The Pharmaceutical Research and Manufacturers of America (PhRMA), under fire from some lawmakers and consumer groups for aggressive marketing practices, also said advertisements that are unsuitable for children should run only during television programs or in publications that target adults.
Ads for impotency drugs such as Pfizer Inc’s Viagra have drawn the ire of lawmakers and others for suggestive content, and Pfizer’s ads for its top-selling cholesterol drug, Lipitor, featuring artificial heart inventor Dr. Robert Jarvik, have been criticized for using an actor in some scenes.
PhRMA’s latest action updates its 2005 pledge to rein in advertising in the wake of Merck & Co Inc’s Vioxx recall.
Drugmakers have said advertising is critical to educate consumers and doctors about available treatments. The United States and New Zealand are the only countries that allow drugmakers to target consumers, although some European regulators have weighed whether to lift such bans.
The FDA regulates industry ads, but it has said it lacks resources to review every piece of company marketing.
Critics of PhRMA’s guidelines point out they are voluntary and not enforceable by the U.S. Food and Drug Administration (FDA). They also are not necessarily adopted by all drugmakers and exclude other types of medical companies, such as those making devices or over-the-counter drugs.
Several advocacy groups said the guidelines were an attempt to prevent further regulation.
“What is needed is meaningful FDA regulation” such as a ban on celebrity endorsements and allowing the FDA to warn companies without prior review by the agency’s lawyer, said Peter Lurie of Public Citizen’s Health Research Group.
Democratic lawmakers have held hearings to highlight practices in pharmaceutical ads they find objectionable, such as graphics and other distractions that divert attention from a drug’s risks.
“On one hand, PhRMA has taken our Committee’s concerns seriously ... on the other hand, some of these changes are merely a rewording of prior policy that does nothing to increase consumer protection,” said Rep.

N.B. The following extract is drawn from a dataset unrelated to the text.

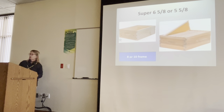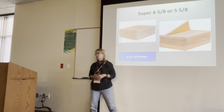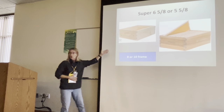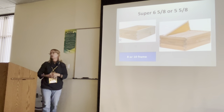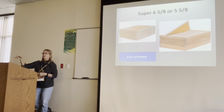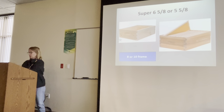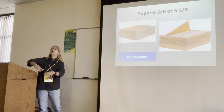The supers are the shorter boxes. There are two sizes: 6 and 5/8 inches and 5 and 5/8 inches, with the 6 and 5/8 being most popular to put on top. Some beekeepers use this size for everything — raising brood and storing honey all in one size. It's lighter and easier. Commercial beekeepers do the opposite — biggest box down, biggest box up — but those guys do it for a living and can lift a 100-pound super. This size super here is about 50 pounds full; an 8-frame is approximately 55 pounds.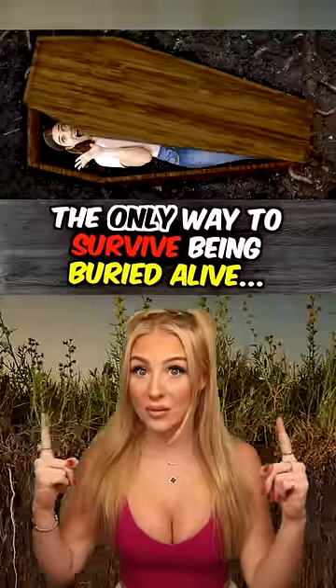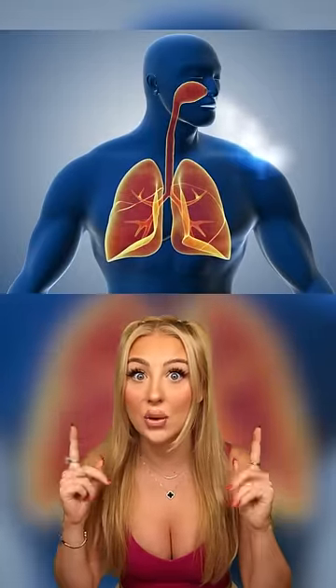This is the only way to survive if you're being buried alive. First, you're going to want to stay as calm as possible. Whatever you do, don't panic. You also need to slow down your breathing and don't use up the little amount of oxygen that you have.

Bart Stupak, a Michigan Democrat, who heads the U.S. House of Representatives Energy and Commerce Committee’s investigative panel.
Massachusetts Democrat Edward Kennedy, who chairs the Senate’s health committee, blasted the guidelines and called for stronger regulation with a new FDA commissioner under the Obama administration. “Voluntary industry guidelines on direct-to-consumers drug advertising are no substitute for effective enforcement of strong regulatory requirements. Patients deserve no less,” he said.
Earlier this week, Rep. Henry Waxman, a California Democrat who will take over the Energy and Commerce Committee in January, said he would support efforts to give the FDA power to ban consumer advertisements for the first few years a drug is sold in the United States.
PhRMA said its new guidelines incorporate feedback from lawmakers and physicians. They are due to take effect March 2, 2009.
“Our Guiding Principles help ensure that DTC advertising appropriately and accurately conveys important information about medical conditions, medicines and other treatment options,” said PhRMA president and chief executive Billy Tauzin, a former Republican member of Congress from Louisiana.
Pfizer and AstraZeneca said they support the revised guidelines. PhRMA said it would announce on its website which companies adopt them.